Esta situação impossibilitou o consumidor a comprar um apartamento na cidade de Santos. “Quando fui comprar meu apartamento fiquei sem ação quando me falaram que meu nome estava no SPC, isto para mim é inadmissível. Tentei agilizar, mas de forma alguma eu pagaria por uma dívida que não contraí. Conclusão: perdi a compra do meu apartamento”.
Ao tentar solucionar o problema, LGB entrou em contato com a operadora por diversas vezes, todas sem sucesso. Após inúmeras tentativas, o consumidor resolveu procurar os seus direitos e ingressou com uma ação de indenização por danos morais contra a TIM.
Representado pela Cunha, Batista & Advogados Associados, o cliente entrou com ação na 4ª Vara Cível de Santos que foi julgada procedente, condenando a operadora TIM a pagar a indenização por danos morais no valor equivalente a R$ 5 mil.
Os advogados da causa Artur Cunha dos Santos e Lucas Henrique Batista sócios fundadores do escritório Cunha, Batista & Advogados Associados explicam que os abusos cometidos pelas operadoras são muito frequentes.
“Os abusos continuam a ocorrer porque os próprios consumidores muitas vezes por desconhecerem os seus direitos e os deveres das empresas não buscam auxilio jurídico. As empresas prestadoras de serviços, principalmente de telefonia que cresceram muito rápido e não investiram na mesma proporção em treinamento, infraestrutura para, assim, proporcionar o melhor serviço para atender às necessidades dos clientes. Portanto, a melhor alternativa do consumidor é procurar resolver os problemas por meio do judiciário” afirmou Dr. Lucas Henrique Batista.

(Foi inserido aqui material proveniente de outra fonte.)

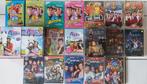 Dvd's Het huis Anubis Spring Amika Hotel13 Ghostrockers Camp, Ophalen of Verzenden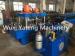 Customerized Storage Rack Roll Forming Machine H-Beam Base PLC Control System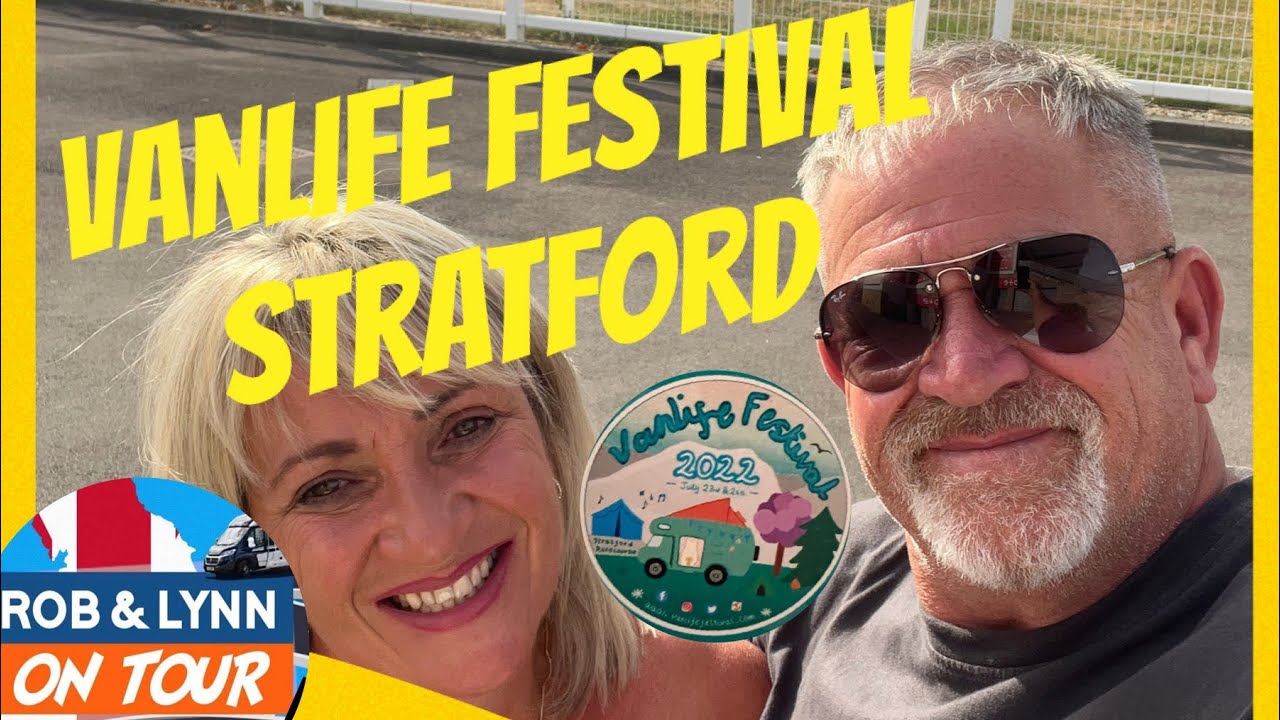Vanlife Festival STRATFORD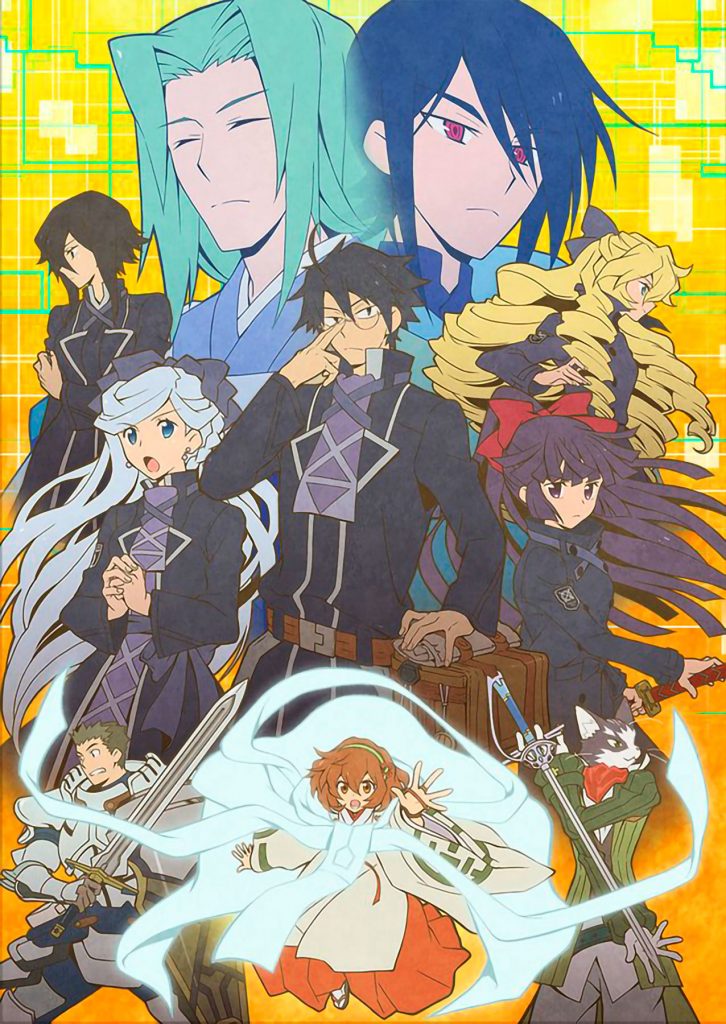 Log Horizon – 2ºTemporada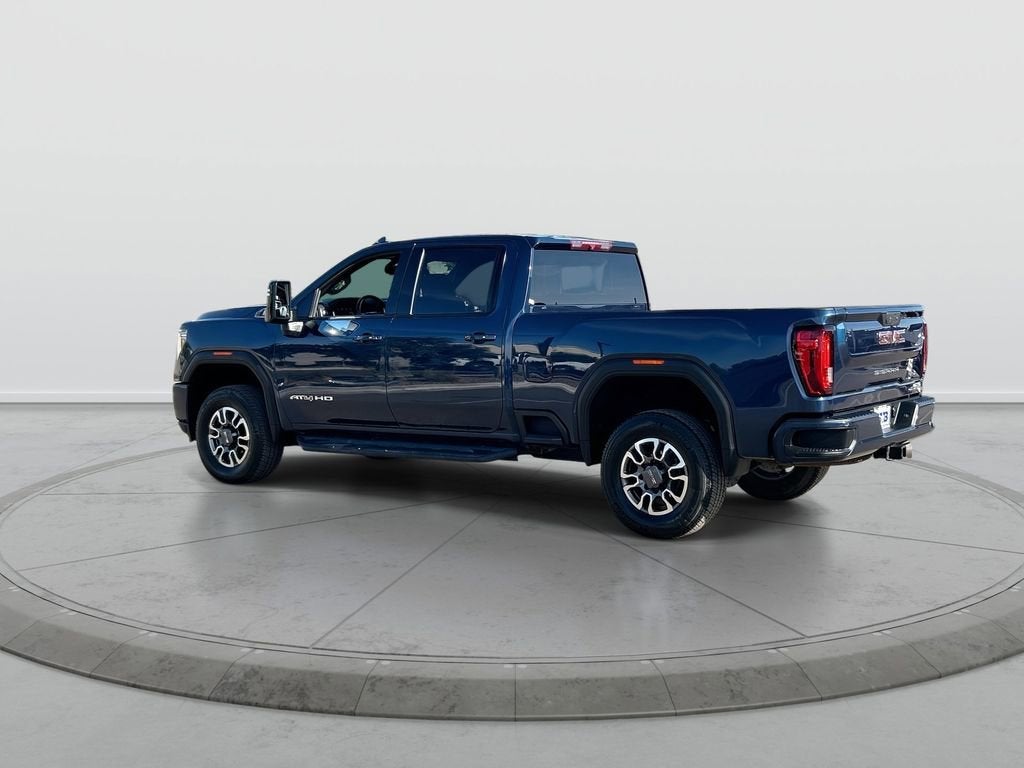 2023 GMC Sierra 3500 HD AT4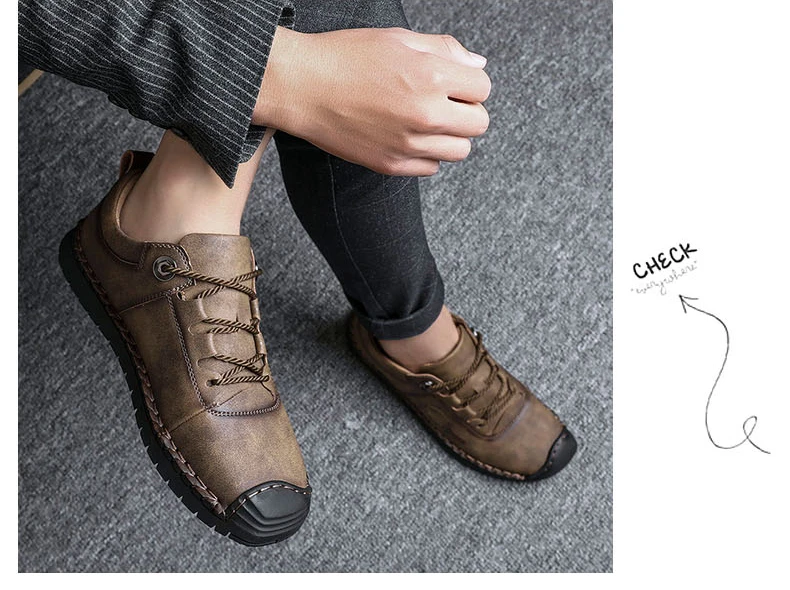 ZUNYU New Designer Fashion Comfortable Casual Shoes Loafers Men Shoes Quality Leather Shoes Men Flats Hot Sale Moccasins Shoes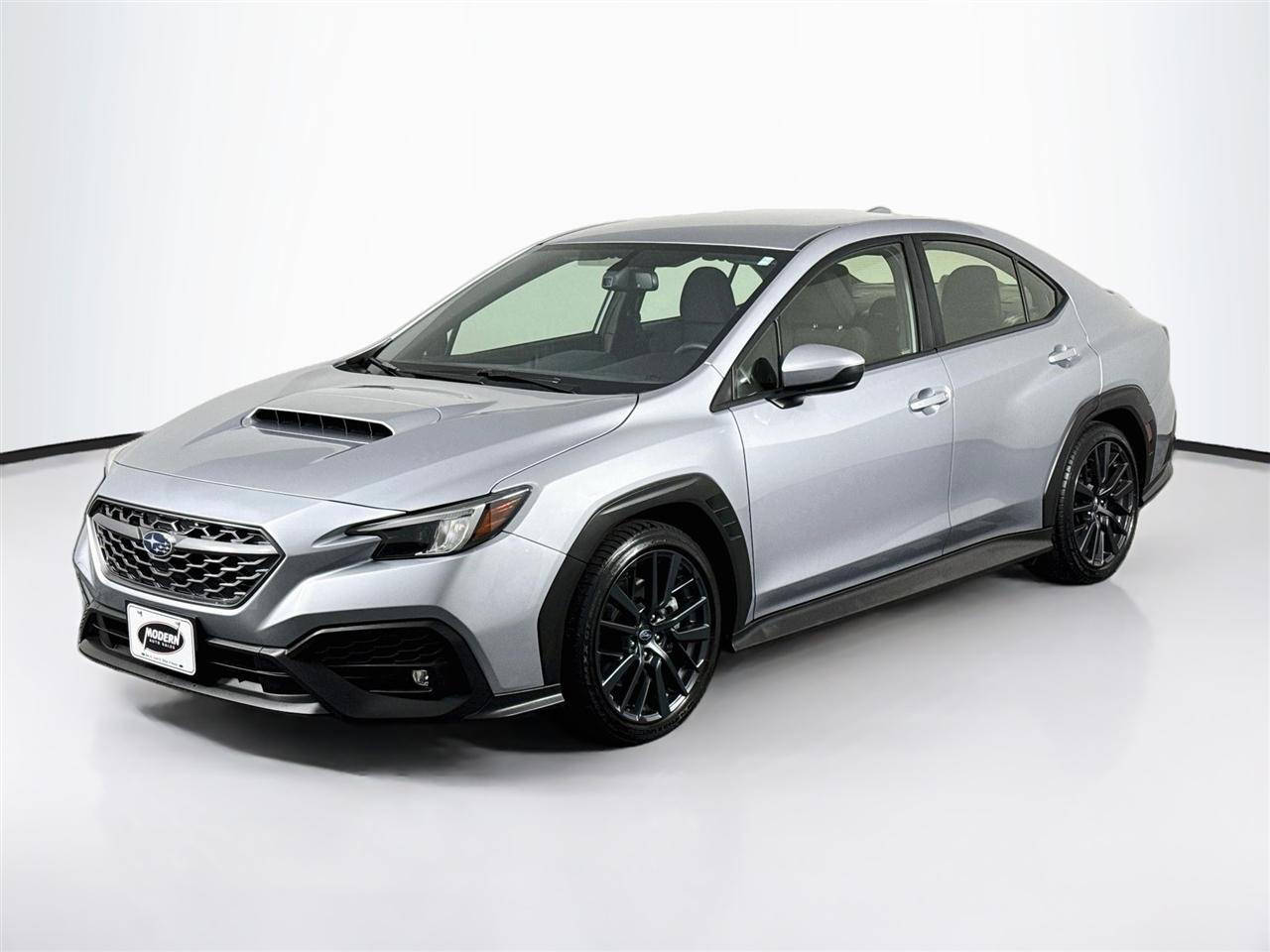 Subaru WRX Premium Manual 2022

“Várias pessoas nos procuram com problemas semelhantes e conseguimos resultados altamente satisfatórios, com sucesso nas causas, pois o descaso e afronta ao direito do consumidor é muito grande por parte das operadoras de telefonia.” complementou o Dr. Artur Cunha dos Santos.
A orientação dos advogados é que nenhuma ofensa aos direitos do consumidor deve ser negligenciada, devendo as vítimas buscar judicialmente a reparação dos danos sofridos.